Johann Gottlieb Fichte, a German philosopher, immediately after Germany was defeated by Napoleon, poured out his ideas in his Addresses to the German nation (1808). Inthis he highlighted the purity of German language and emphasized the concept of VOLK or nation. The seeds of nationalism and anti-Semitism were embedded in his ideas.
But Georg Wilhelm Friedrich Hegel who succeeded Fichte laid emphasis on the supremacy of the state. He wrote ‘State is the world which the mind has made for itself …..so high as man stands above nature, so high does state stand above physical life. Man must therefore venerate the state as a secular deity (Irdisch-Gottliches)’ .It was this idea which made the Nazis look upon the state as a super-human entity. According to them, “the individual is nothing----Das Volk is everything” but it was another philosopher Heinrich Gotthard von Treitschke who glorified it. He wrote “It does not matter what you think, so long as you obey”. But the most dangerous idea was not just this; it was his justification of war. He wrote “the grandeur of war is the utter annihilation of puny man in the great conception of the state”. He believed “War is both justifiable and moral, and the idea of perpetual peace is not only impossible but immoral…”
But the philosopher on whom the NAZIS relied upon most was Friedrich Wilhelm Nietzsche. His concept of war must have been a source of great inspiration for them. He wrote ’Ye shall love peace as a means to war… and the short peace more than the long You I advice not to work, but to fight. You I advice not to peace but to victory…Ye say it is the good cause which Halloweth even war? I say unto you; it is the good war which halloweth every cause. War and courage have done more great things than charity’ This pernicious idea explains the Nazi desire for the use of aggression and force. Though some modern scholars on Nietzsche claim that his sister Elizabeth Forster, who acted as the curator and editor of Nietzsche’s works, falsified some of his books to suit her husband’s Nazi sympathies; the fact remained that Hitler was an ardent admirer of Nietzsche.

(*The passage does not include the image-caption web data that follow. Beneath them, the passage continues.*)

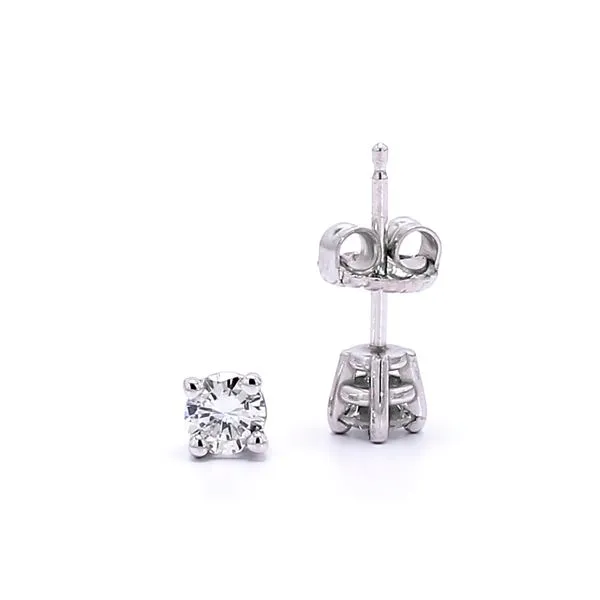 14K White Gold 0.32ctw G-H/VVS2 Diamond 4-Prong Solitaire Stud Earrings Raleigh Diamond Fine Jewelry Raleigh, NC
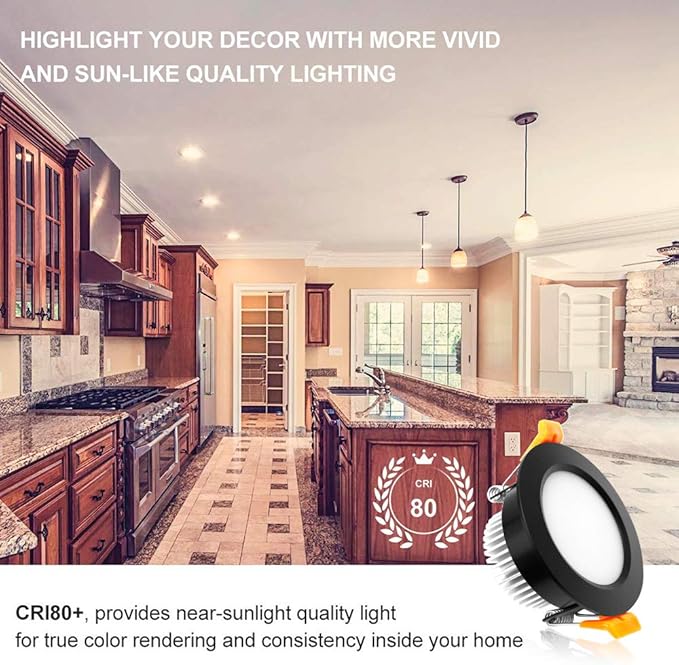 2 Inch LED Recessed Lighting, Dimmable Downlight 3W(35W Halogen Equivalent), CRI80, 2700K Ultra Warm White Ceiling Light with LED Driver(4 Pack)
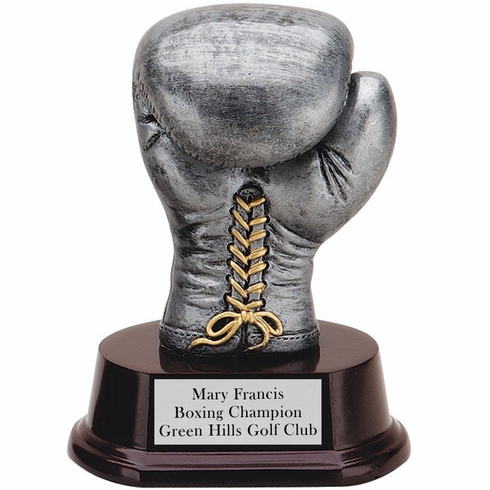 5 INCH ANTIQUE SILVER BOXING GLOVE TROPHY RESIN ON ROSEWOOD BASE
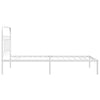 Metal Bed Frame with Headboard White 100x200 F6N1
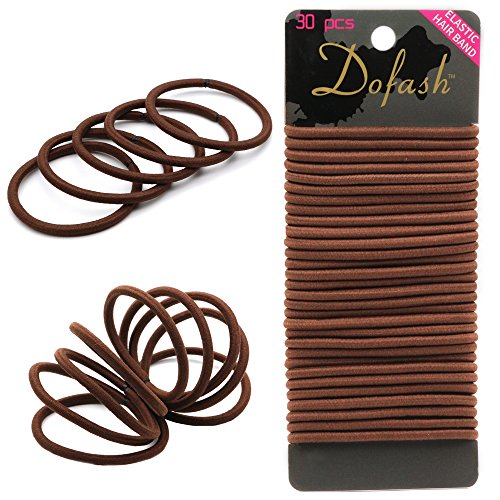 Dofash 30pcs Hyper elastic hair ties ponytail holders Brown 4mm x 5.5''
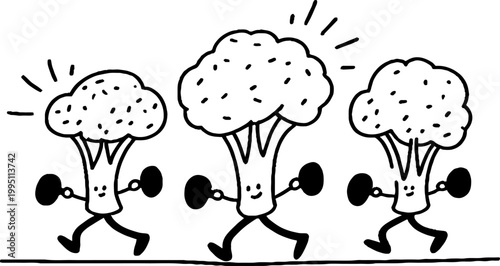 Three broccoli characters jogging in formation on path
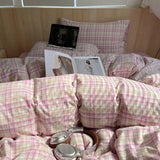 Pink Striped Plaid Duvet Cover Set with 2 Pillowcases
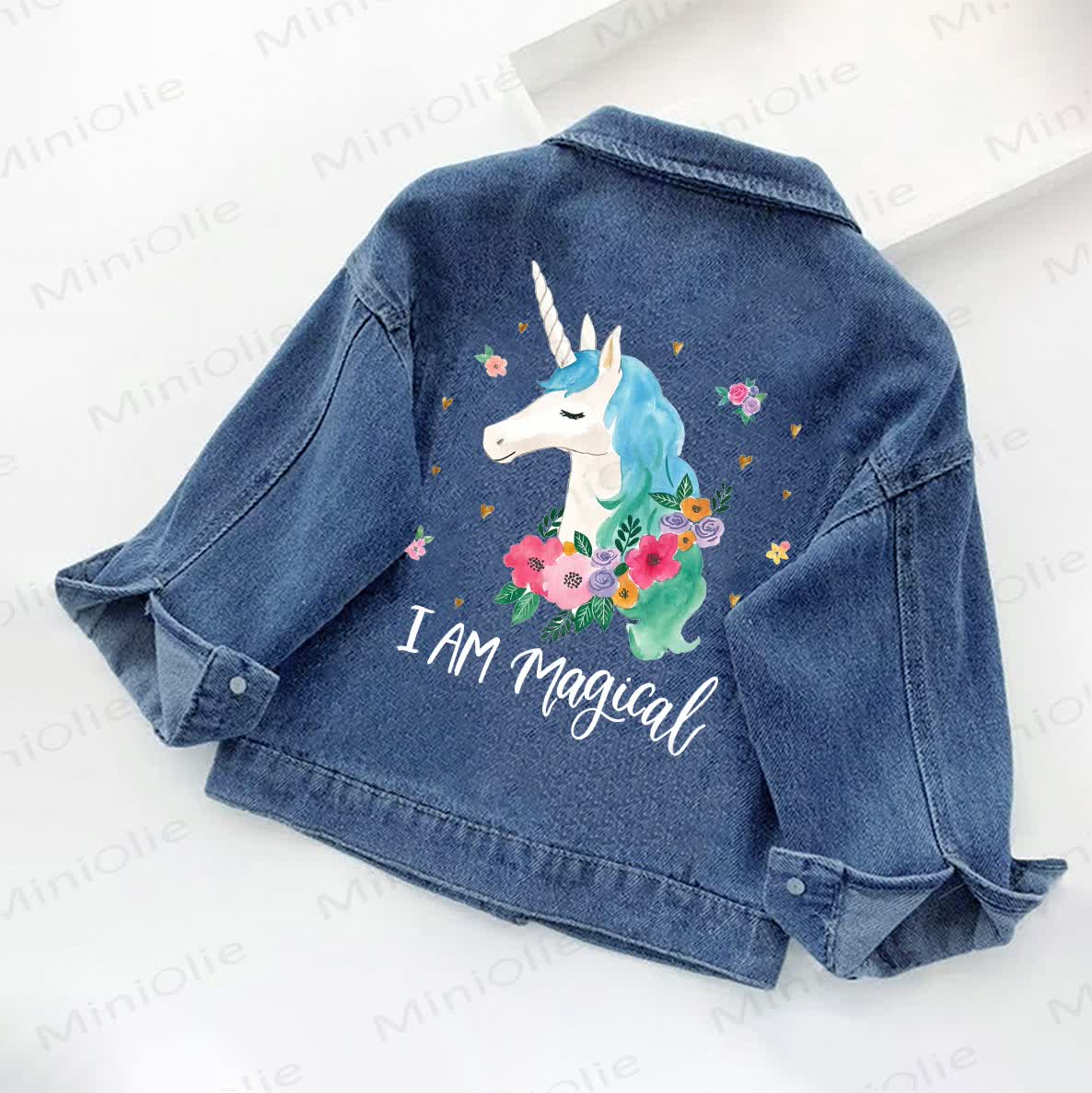 I AM MAGICAL Toddler Kid Unicorn Denim Jacket - Blue - 10-11T - image 1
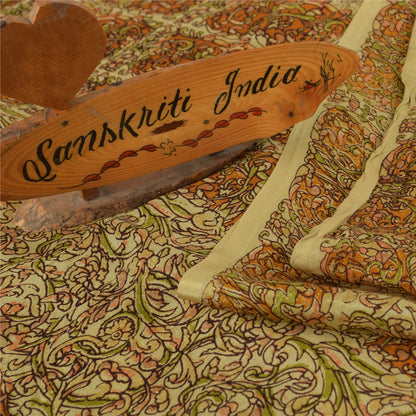 Sanskriti Vintage Sarees Beige Indian Pure Silk Printed Sari 6+yd Craft Fabric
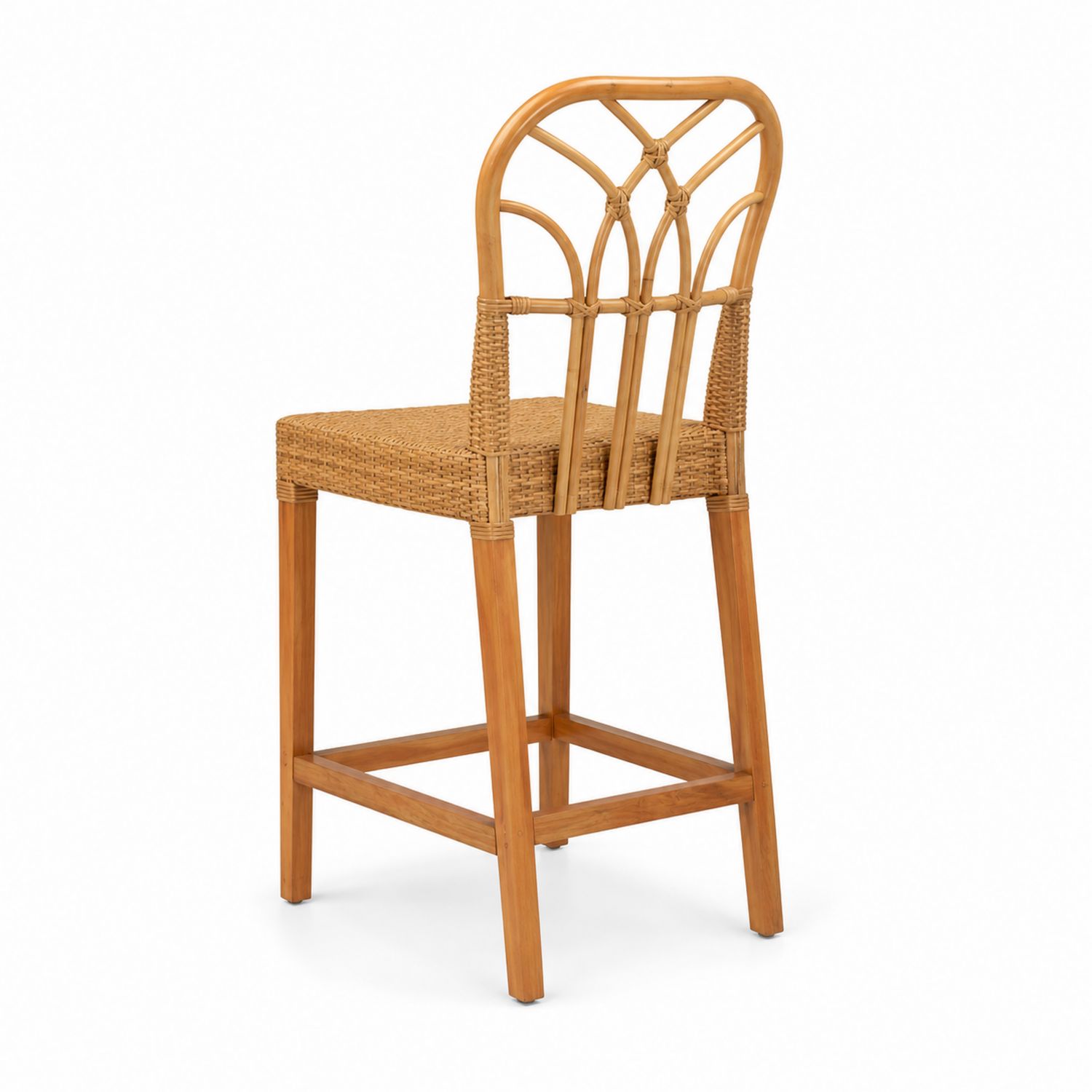 Sgabello da Bar in Rattan e Legno di Bambù, H 110 cm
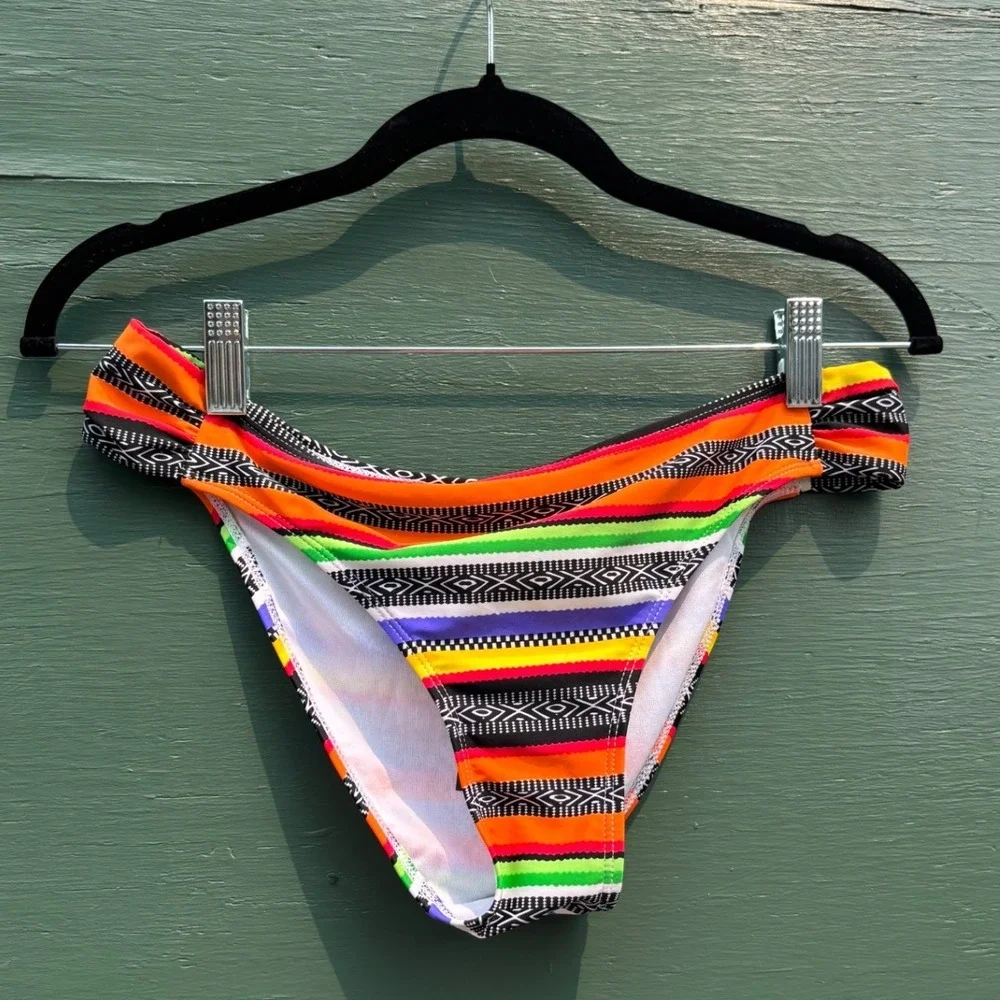 Colorful Stripe Tribal Print Push Up Halter Bikini Set Neon Multi Medium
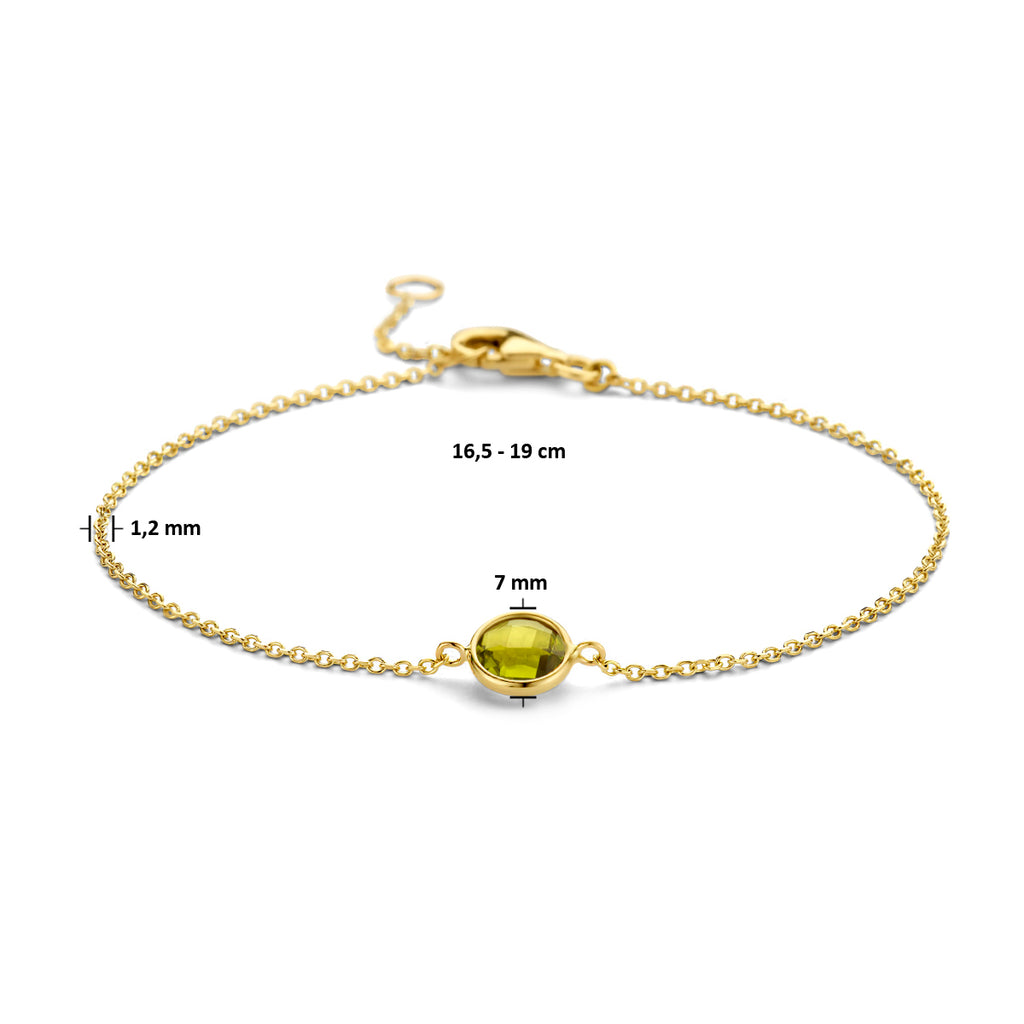 armband peridot 16,5 - 19 cm 14K geelgoud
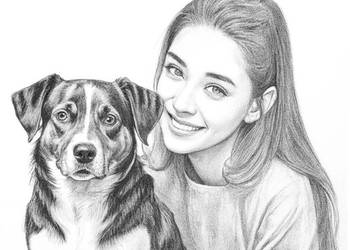Portret kobiety obraz szkic z psem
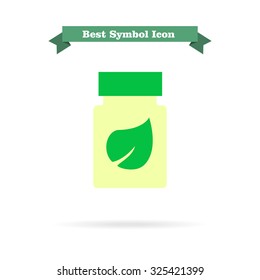 Icon of dietary supplement bottle with leaf picture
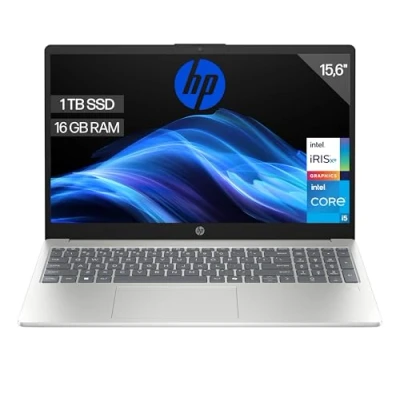 Imagen de HP Ordenador portátil 15.6&quot; FHD (Intel Core i5 1334U, 16GB RAM, 1TB SSD, Intel Iris Xe Graphics, Sin Sistema Operativo) Plata y Azul Teclado QWERTY Español
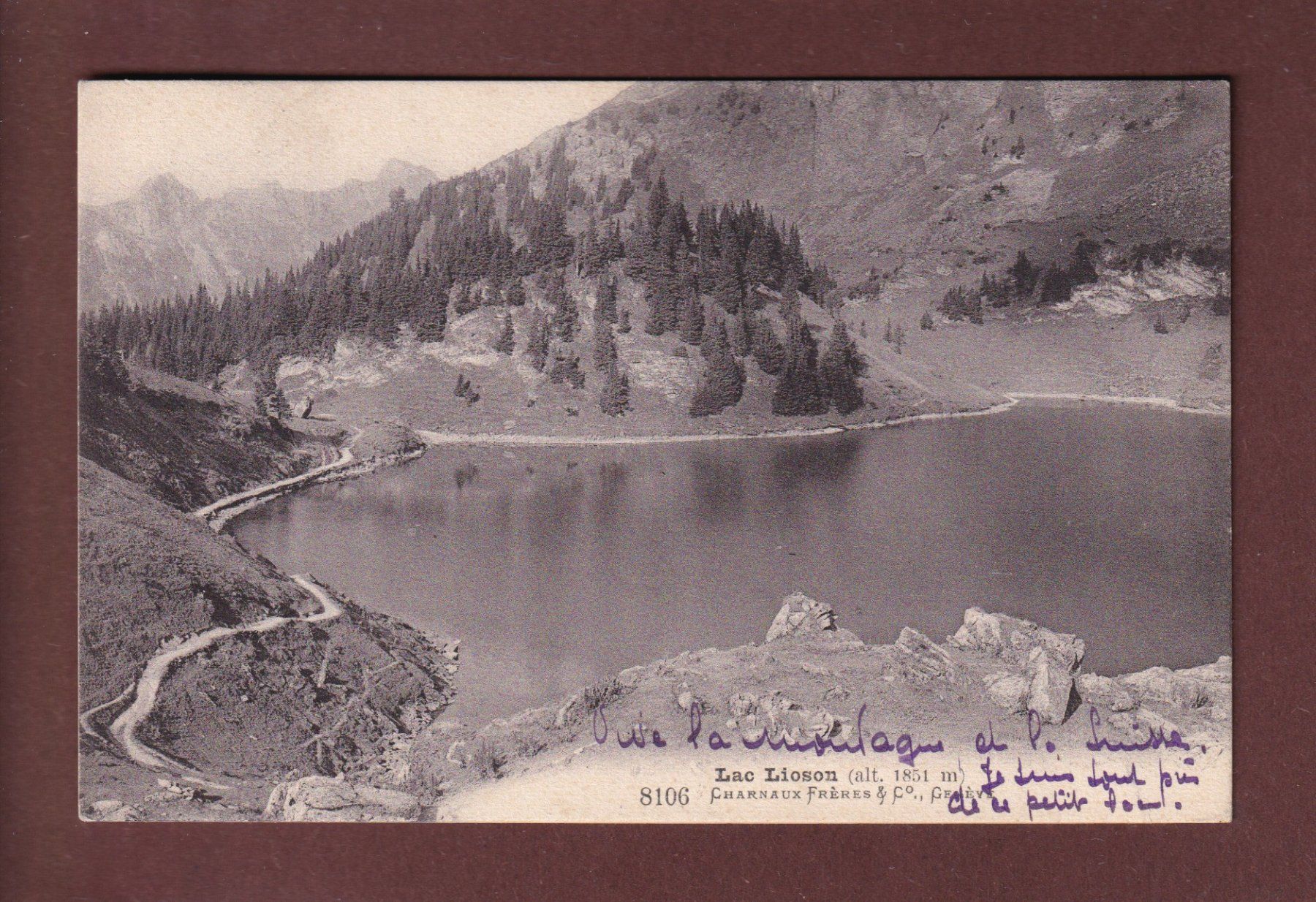 Cartoline postali: LAC LIOSON - 1912 – Usato da Pully venduto da nicecards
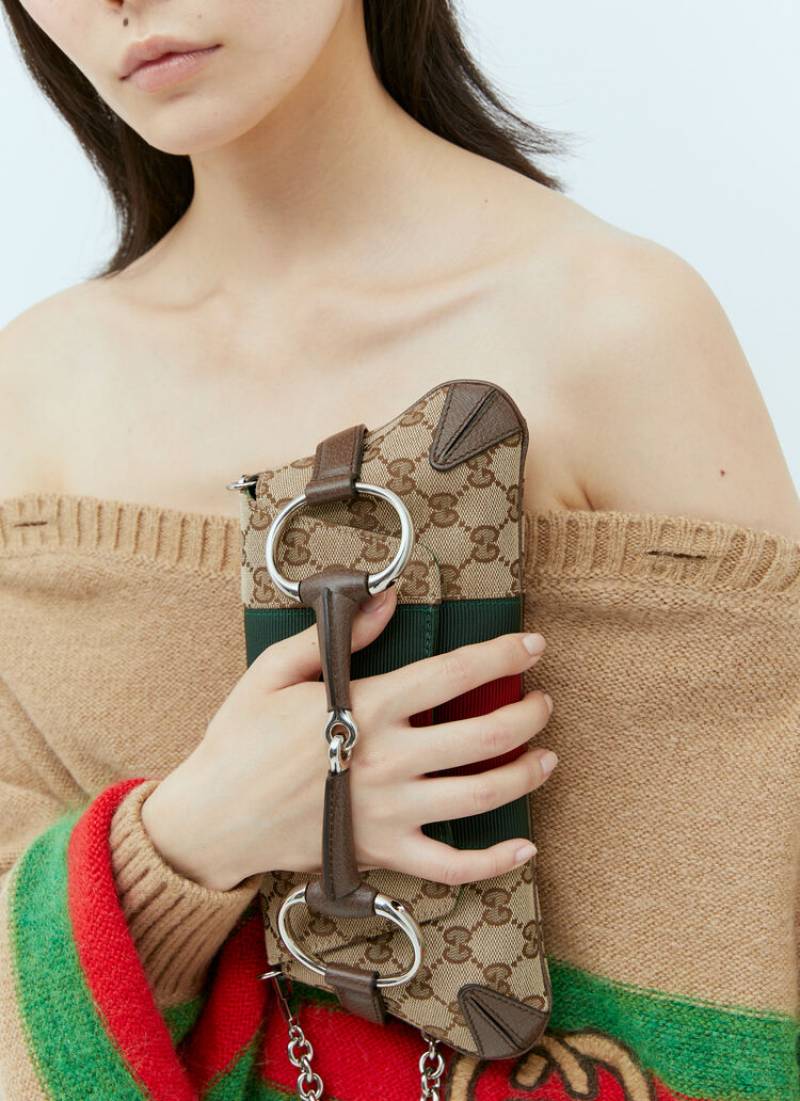 Gucci Beige Horsebit Chain Shoulder Bag With OG Box Dust Cover Carry Bag 764339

But what made the brew even more dangerous was the concept of racial superiority. In this Nazis were influenced by not by any German philosopher but by a Frenchman named Joseph Arthur Comte de Gobineau and an Englishmen named Huston Stewart Chamberlain. It was they who highlighted the biological and mental differences of men which was the result of natural selection in the struggle for existence. By this method nature produced superior races and discarded the inferior ones. They glorified the Aryans and believed in their supremacy both in intelligence and energy. It was this which encouraged the Nazis to promulgate laws which provided for the sterilization of those who were victims of physical or mental defects and placed curbs on marriages between members of the’ master- race’ and other inferior races, notably Jews. Like the Jews the gypsies and Slavs too were despised and this explains the mass extermination of these people in Nazi concentration camps.
Nazism was indeed a very perverted ideology and its roots were from various sources. Their glorification of the state, the importance placed on discipline, the regimentation of society, and their aversion of other races were all due to the strange amalgam of above ideas. At a time when Germany was passing through very difficult and hopeless times, such an ideology was bound to have influence on a few people. Though most Germans were peace loving and even silently objected, they were helpless to the machinations of a few individuals.